Fierce clashes have broken out on the edge of the northern city of Aleppo, a day after rebels overran a nearby air base, while a deadly blast rocked Raqa city and reports said 60 rebels had been killed in an ambush.
"Fierce clashes pitting rebels ... against regime forces broke out near the airforce intelligence building in the Layramun area on the edges of Aleppo," said the Syrian Observatory for Human Rights on Wednesday.
The monitoring group said the rebels engaged in the battle were Islamists, among them the jihadist Al-Nusra Front.
The battle comes a day after rebels overran the air base at nearby Minnigh.
An activist in Aleppo said rebels were trying to advance towards Nabul and Zahraa, majority Shi'ite villages in the Aleppo countryside that have turned into bastions of President Bashar al-Assad's regime.
Most of Syria's rebels - like the population - are Sunni, while Assad belongs to the Alawite community, an offshoot of Shi'ite Islam.
"Some 300 fighters who had been fighting for Minnigh are now free to fight elsewhere," said Mohammed, an activist with the anti-regime Aleppo Media Centre.
Elsewhere, an explosion ripped through the northern city of Raqa, Syria's only provincial capital to have fallen out of regime control, killing three people including two children, said the Observatory.
The Britain-based group said the origin of the explosion has not been identified, and added that dozens of people were wounded.
Near Damascus, Syrian troops killed at least 62 rebels in an ambush on Wednesday, the observatory said.
The Syrian military said those killed were members of the jihadist Al-Nusra Front.

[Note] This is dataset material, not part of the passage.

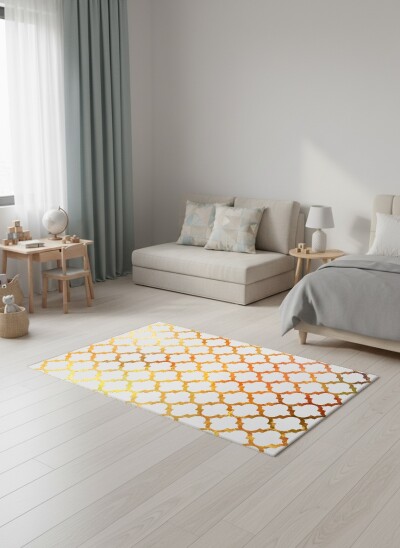 Beyaz Altın Degrade Fas Kafes Quatrefoil Halı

"At least 62 rebels fell as martyrs, most of them youths, and eight others are missing after an ambush by regime forces at dawn near the industrial city of Adra," northeast of the capital, the monitoring group said.
A Syrian military source quoted by state news agency Sana said the "army carried out an ambush on a group of terrorists belonging to the Al-Nusra Front that was trying to infiltrate Eastern Ghuta and attack a military post."
"All the terrorists were killed and their arms captured," the source added, without giving a toll.
Adra, 35 kilometres from Damascus, is the gateway to Eastern Ghuta, a farming region where a large number of rebels are located.
Nearby, the air force staged two air strikes on the battered town of Douma, where anti-regime sentiment has been strong since early in the anti-Assad revolt, which broke out in March 2011.